* PROBLEM:
From the line that includes "Prostate Cancer Symptoms" to the last line of the records that follow, copy every line exactly and nothing more, omitting pictures.

---

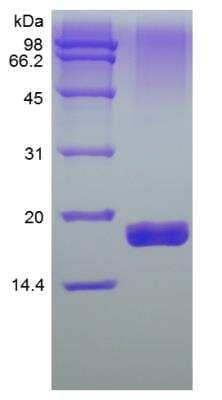 SDS-PAGE: Recombinant Human TRAILR2/TNFRSF10B Protein [NBP2-35030]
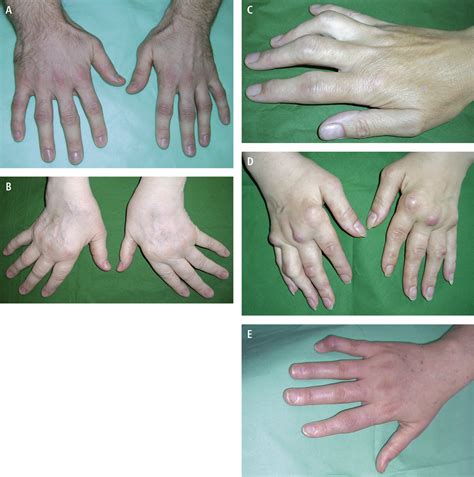 Fingers In Rheumatic Diseases Fingers Deformed Signs And Symptoms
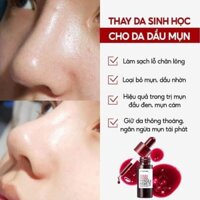 Tinh Chất Peel Da Red Peel Tingle Serum Hàn Quốc 11ml tái tạo da sạch sáng & căng bóng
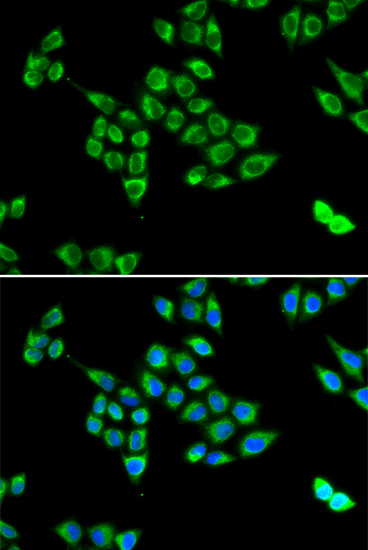 PC antibody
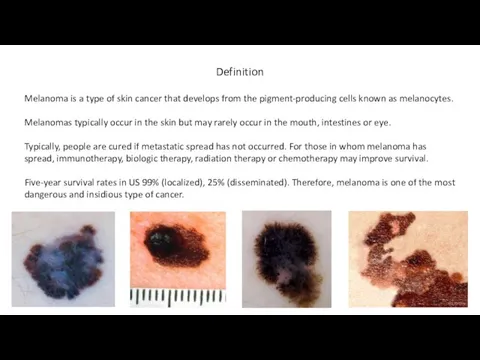 Definition Melanoma is a type of skin cancer that develops from the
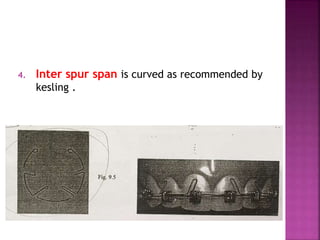 4. Inter spur span is curved as recommended by
kesling .
 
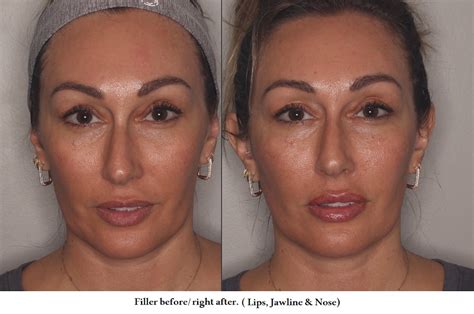 face    grossman dermatology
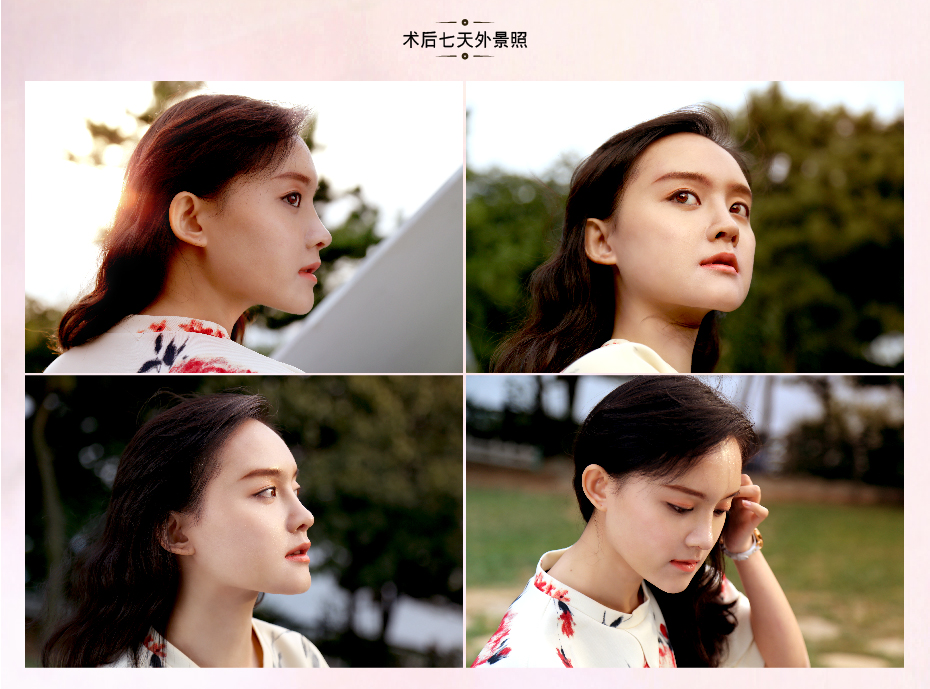 王艇隆鼻手术怎么样 王艇隆鼻手术多少钱价格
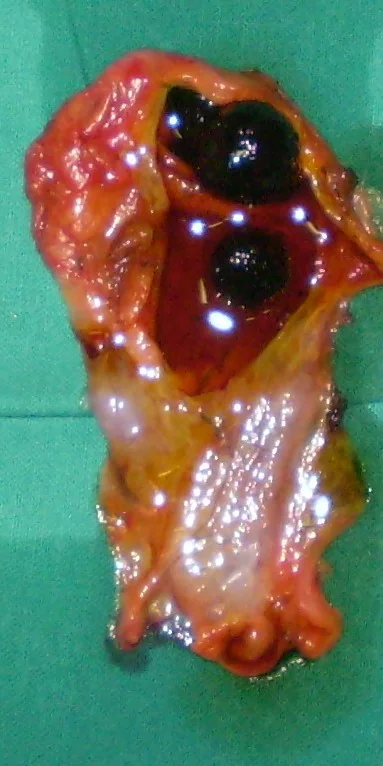 GALLBLADDER DIAPHRAGM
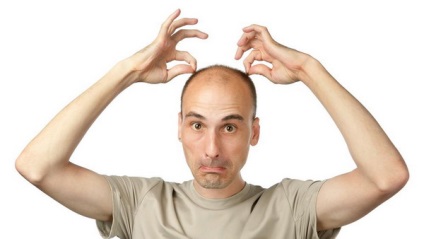 Unguent de alopecie, o revizuire a creme si balsamuri cu alopecie (scalpului) Unguent de alopecie, o revizuire a creme si balsamuri cu alopecie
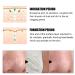 2PCS Nose Pore Strips - Blackhead Remover & Deep Cleansing Peel Off Strips for All Skin Types - Buy Online on GoSupps.com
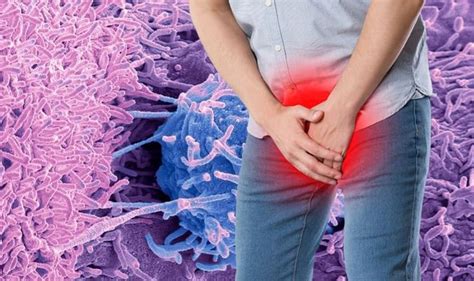 Prostate Cancer Symptoms Include Blood Or Semen In Urine Express Co Uk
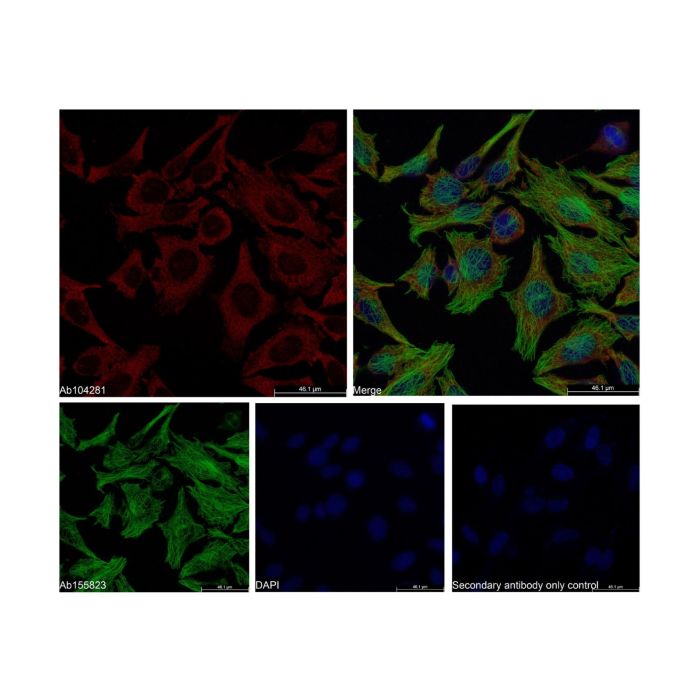 Donkey Anti-Rabbit IgG H&L (AF647) - by Aladdin Scientific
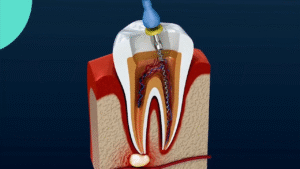 vídeo de tratamento de canal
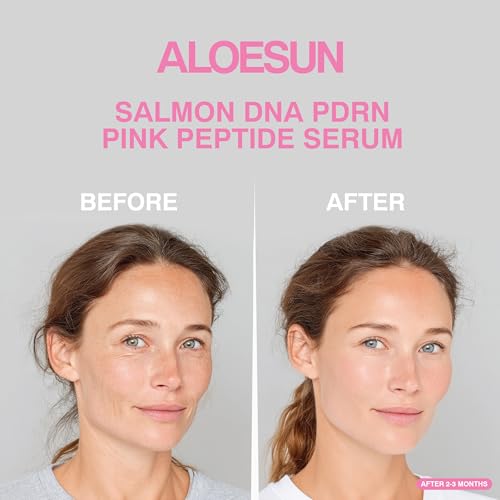 ALOESUN Salmon DNA PDRN Pink Peptide Niacinamide Face Serum - Korean Skin Care - Hydrating Moisturizing Firming Uneven Tone & Dark Spots - Collagen Support Complex - Lightweight Finish - 1.01 Fl Oz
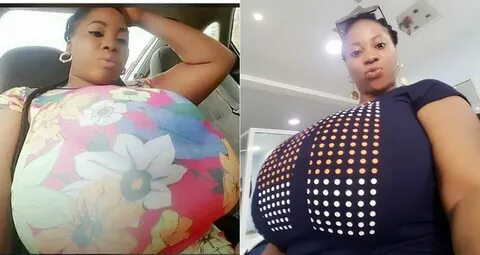 This Nigerian Lady's Gigantic WaterMelon Causes Earthquake O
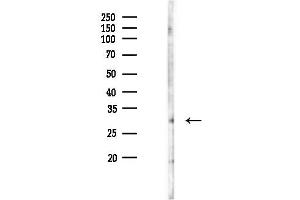Western blot analysis of lysates from Hela cells(UV 30 min treatment), using MIBP1 Antibody at 1/1000 dilution.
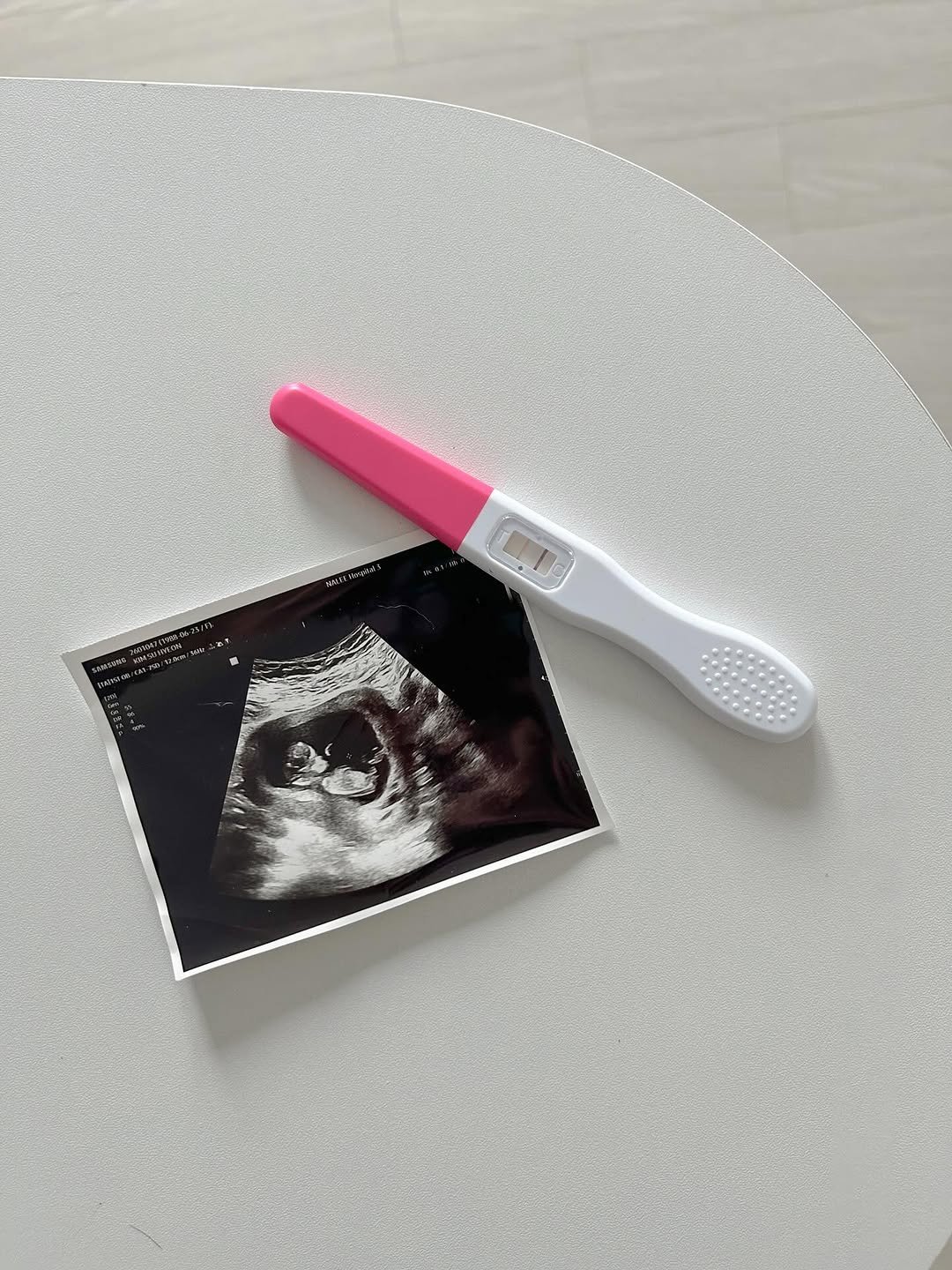berry_a_day 게시물 이미지: #임밍아웃#15w
갑작스런 임밍아웃🍼

소이에게 여동생이 생겼어요!

알게된 건 꽤...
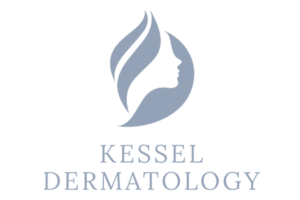 Kessel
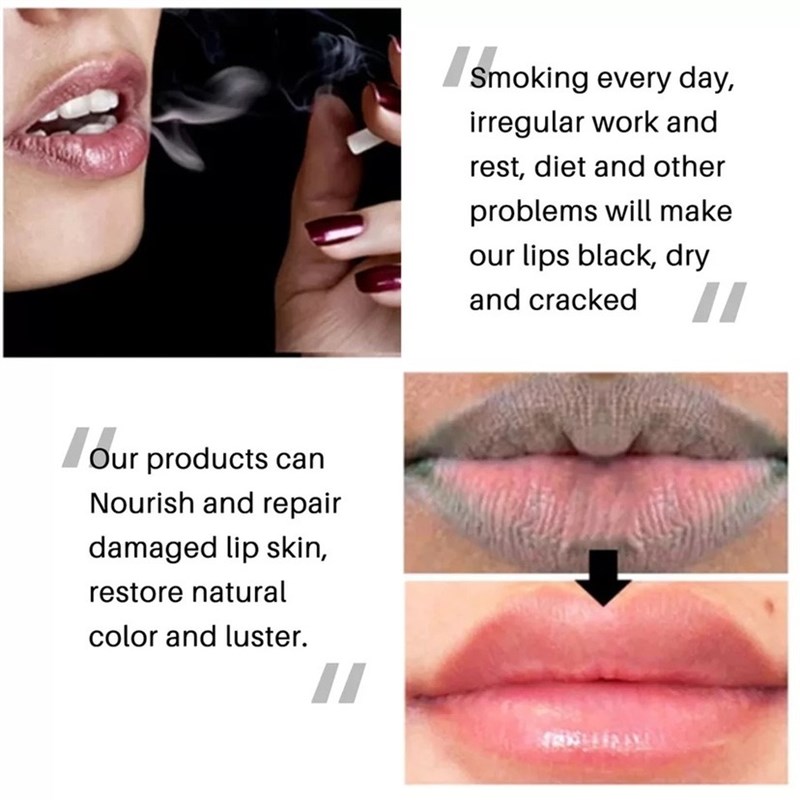 Lip Black Removal Lip Balm Exfoliating Fade Black Lip Care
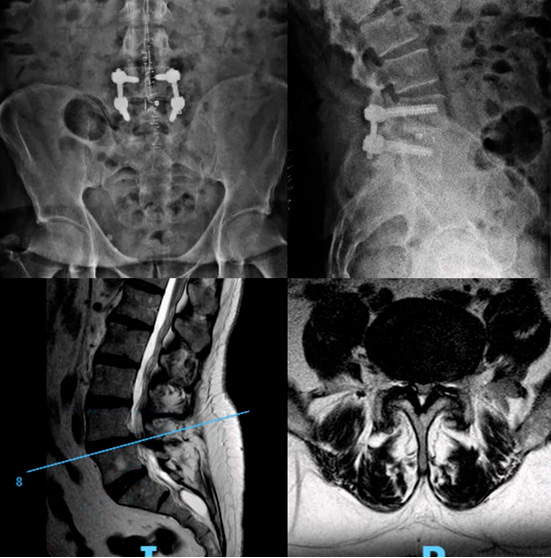 artrodesis lumbar radiografía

---

* PROBLEM SOLUTION:
 Prostate Cancer Symptoms Include Blood Or Semen In Urine Express Co Uk
 Donkey Anti-Rabbit IgG H&L (AF647) - by Aladdin Scientific
 vídeo de tratamento de canal
 ALOESUN Salmon DNA PDRN Pink Peptide Niacinamide Face Serum - Korean Skin Care - Hydrating Moisturizing Firming Uneven Tone & Dark Spots - Collagen Support Complex - Lightweight Finish - 1.01 Fl Oz
 This Nigerian Lady's Gigantic WaterMelon Causes Earthquake O
Western blot analysis of lysates from Hela cells(UV 30 min treatment), using MIBP1 Antibody at 1/1000 dilution.
berry_a_day 게시물 이미지: #임밍아웃#15w
갑작스런 임밍아웃🍼

소이에게 여동생이 생겼어요!

알게된 건 꽤...
 Kessel
 Lip Black Removal Lip Balm Exfoliating Fade Black Lip Care
 artrodesis lumbar radiografía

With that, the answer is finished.